# Crawled caption data
%%

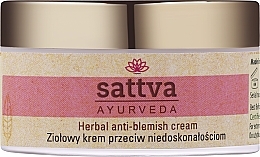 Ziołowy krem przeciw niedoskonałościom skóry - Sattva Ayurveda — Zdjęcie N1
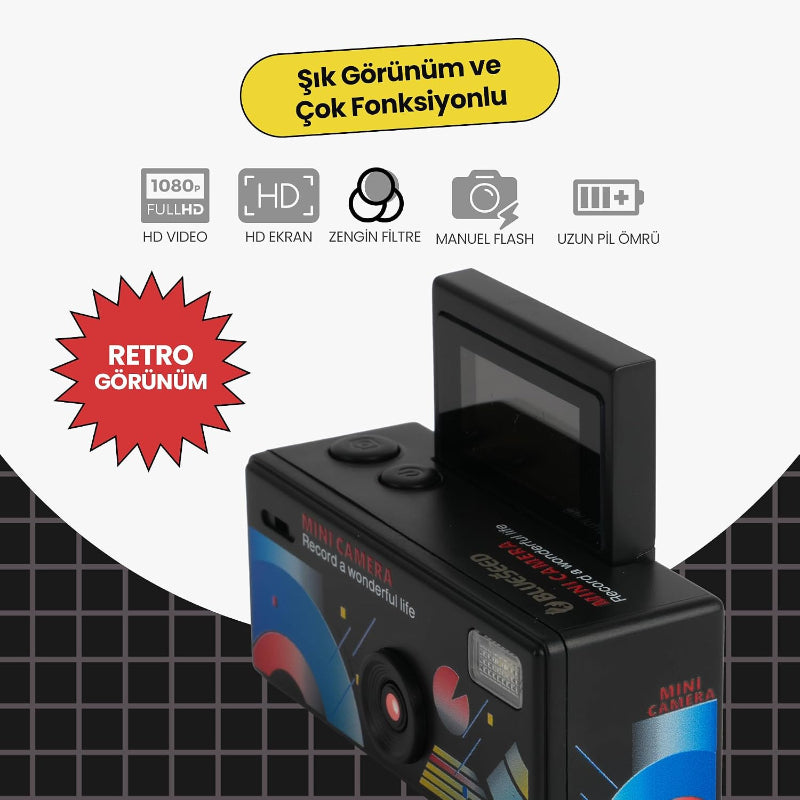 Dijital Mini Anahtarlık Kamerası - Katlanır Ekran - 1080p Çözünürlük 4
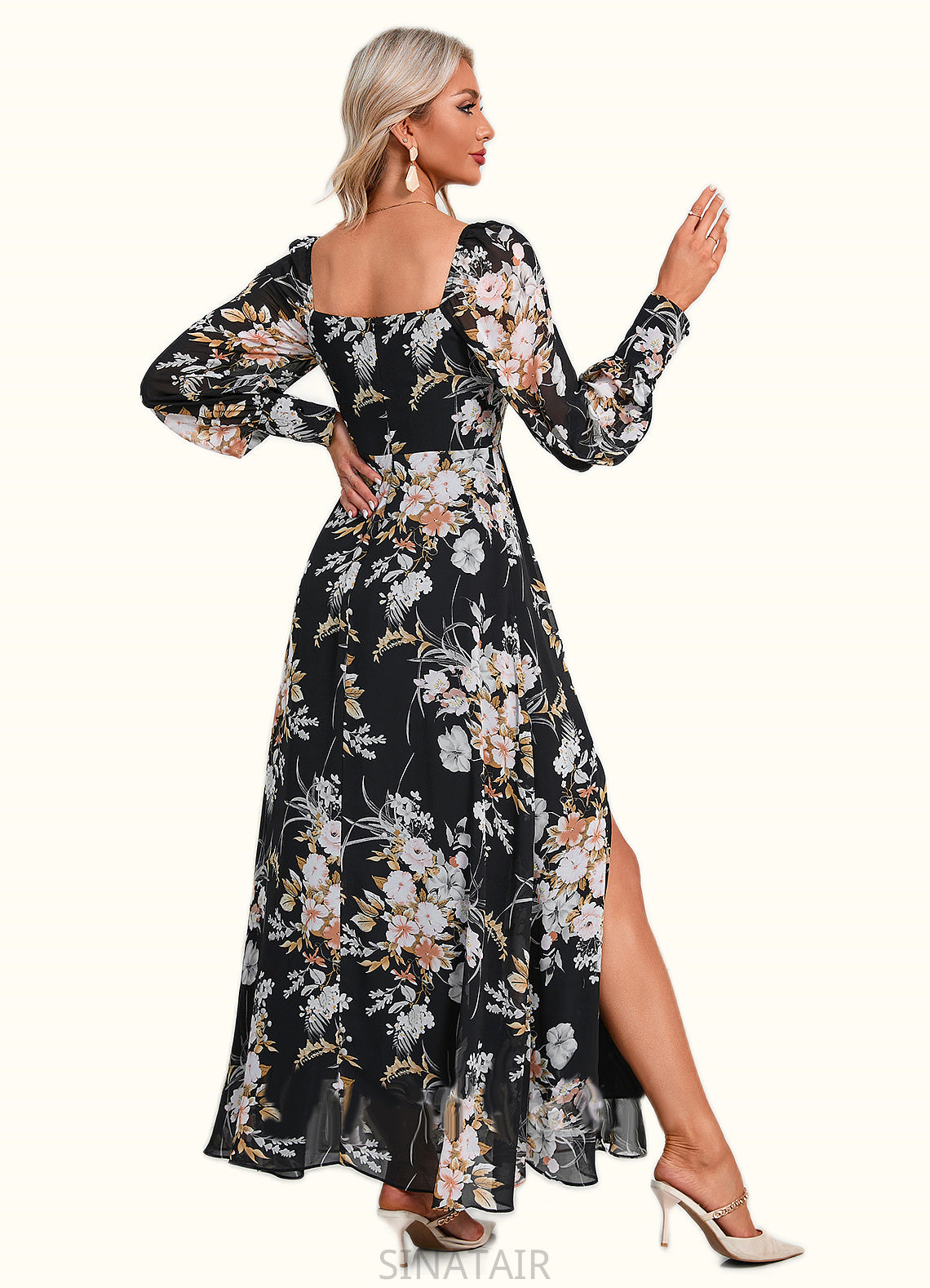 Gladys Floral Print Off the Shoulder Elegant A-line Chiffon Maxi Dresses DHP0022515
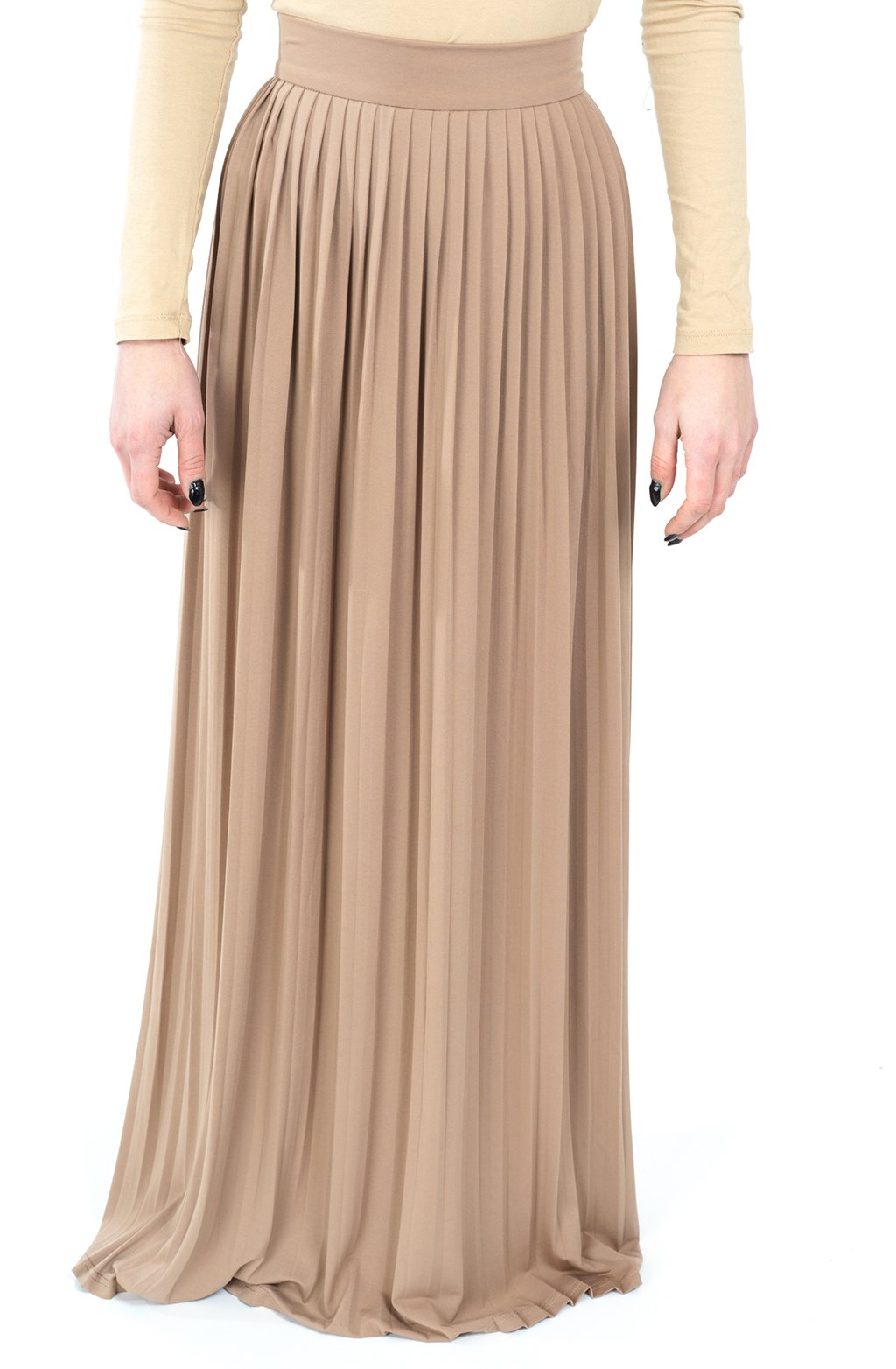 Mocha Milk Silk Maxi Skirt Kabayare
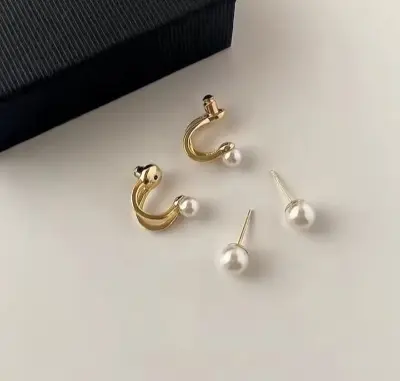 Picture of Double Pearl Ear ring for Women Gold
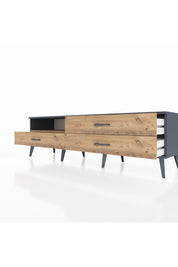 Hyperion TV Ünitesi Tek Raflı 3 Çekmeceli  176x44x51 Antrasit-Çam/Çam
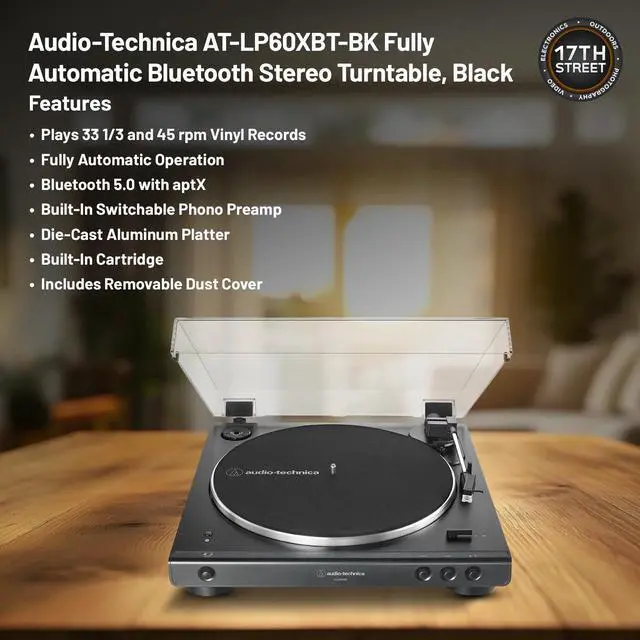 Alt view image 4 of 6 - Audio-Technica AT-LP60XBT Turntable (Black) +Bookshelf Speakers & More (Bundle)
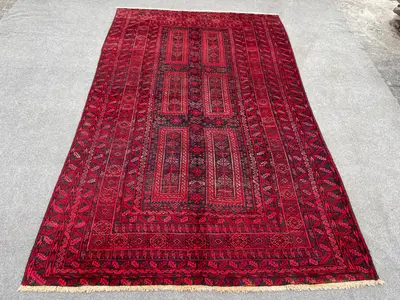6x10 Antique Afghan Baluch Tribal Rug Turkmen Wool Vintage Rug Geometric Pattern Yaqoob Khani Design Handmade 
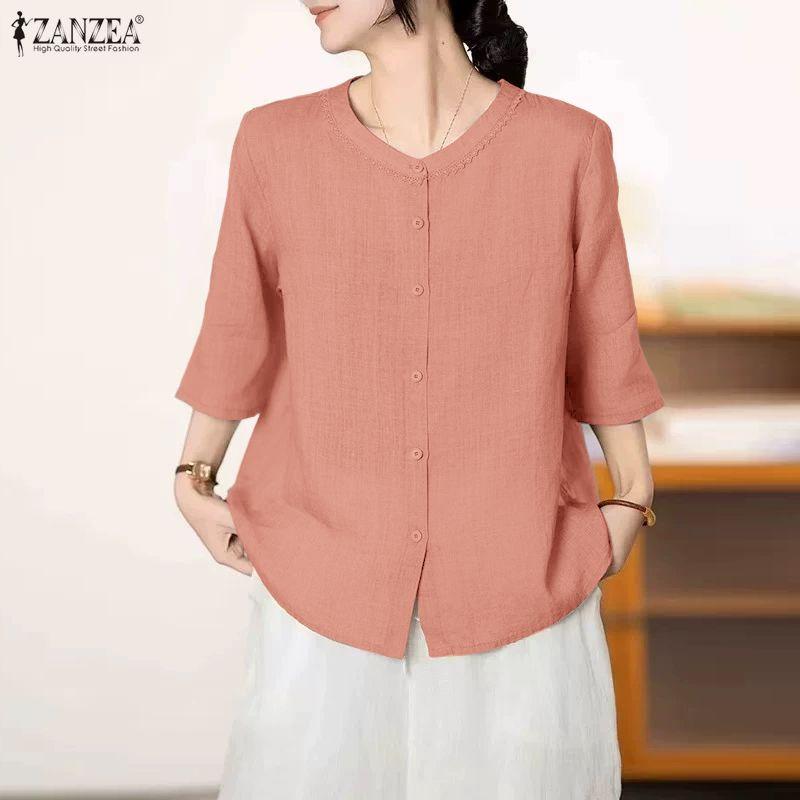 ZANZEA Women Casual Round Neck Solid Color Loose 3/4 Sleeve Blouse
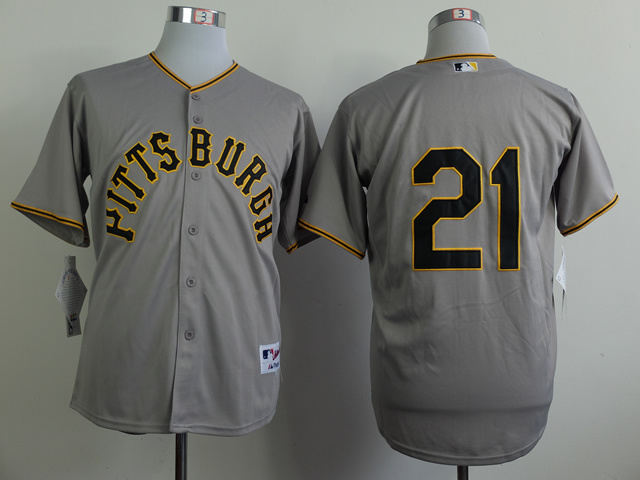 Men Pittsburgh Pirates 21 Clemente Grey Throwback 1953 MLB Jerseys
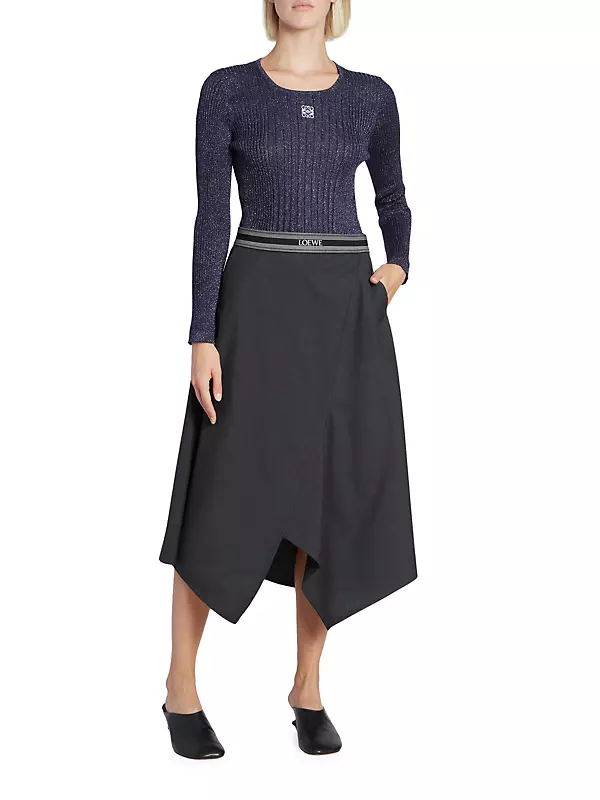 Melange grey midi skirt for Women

%%

# Task prompt
Give back the entries verbatim. Do not include any picture.

# Response to the exercise
 Ziołowy krem przeciw niedoskonałościom skóry - Sattva Ayurveda — Zdjęcie N1
 Dijital Mini Anahtarlık Kamerası - Katlanır Ekran - 1080p Çözünürlük 4
 Gladys Floral Print Off the Shoulder Elegant A-line Chiffon Maxi Dresses DHP0022515
 Mocha Milk Silk Maxi Skirt Kabayare
 Picture of Double Pearl Ear ring for Women Gold
 Hyperion TV Ünitesi Tek Raflı 3 Çekmeceli  176x44x51 Antrasit-Çam/Çam
 Alt view image 4 of 6 - Audio-Technica AT-LP60XBT Turntable (Black) +Bookshelf Speakers & More (Bundle)
6x10 Antique Afghan Baluch Tribal Rug Turkmen Wool Vintage Rug Geometric Pattern Yaqoob Khani Design Handmade 
 ZANZEA Women Casual Round Neck Solid Color Loose 3/4 Sleeve Blouse
 Men Pittsburgh Pirates 21 Clemente Grey Throwback 1953 MLB Jerseys
 Melange grey midi skirt for Women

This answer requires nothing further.